Buying on support and/or selling against resistance are not new concepts. Chances are you have traded on both of these ideas. But what about the times when you were wrong? What happens to the price action after you were stopped out? Was there a trading opportunity missed?
A strategy that some traders look to employ is to make my stop loss order a 2 lot when trading a buy support or sell resistance type strategy. Let’s think about that idea and discuss what it means.
Any trades are educational examples only. They do not include commissions and fees.

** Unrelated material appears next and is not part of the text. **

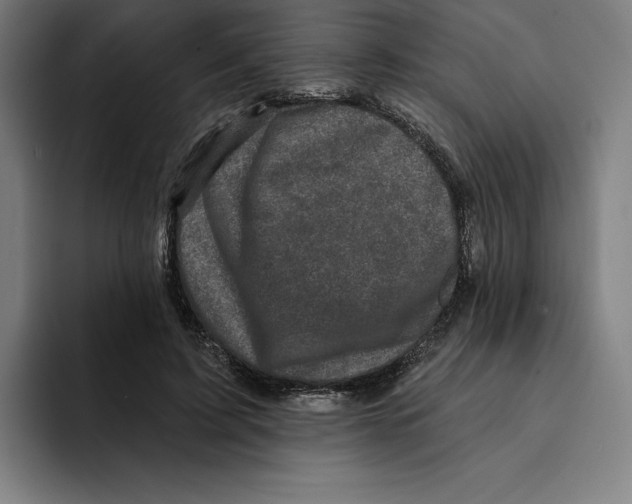 X0000094900595200712271454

Let’s say you want to buy a market where there is a level of support that you'd like to see the market bounce off of. BUT, under this level of support, there is a decent amount of possible downside price action if this support level does not hold. So, you will enter the buy order at this area of support and put the stop loss order underneath this level of support. BUT, you will make the stop order to sell a 2 lot!

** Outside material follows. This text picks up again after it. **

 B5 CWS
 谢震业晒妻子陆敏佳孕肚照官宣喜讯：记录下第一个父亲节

(Traders call it the Break Flip 2 Stop Strategy. If we break support or resistance, you flip the position with a 2 lot Stop order)
One will exit the one long position and the 2nd will initiate a brand new position making you short a contract. Traders do this to participate in this possible penetration of a support level. Their thought process is that if the support level does not hold and they're wrong about the initial long position, you want to be short the market moving forward. So as the initial long position gets stopped out, you would realize your losses on the first trade and immediately initiate a short position based on the break of the support level, thus trying to potentially take advantage of a possible move lower at that point.
Let’s say the trader buys the July Kansas City Wheat contract at 740’0
The stop price would be 730’0…but you would make it a 2 lot.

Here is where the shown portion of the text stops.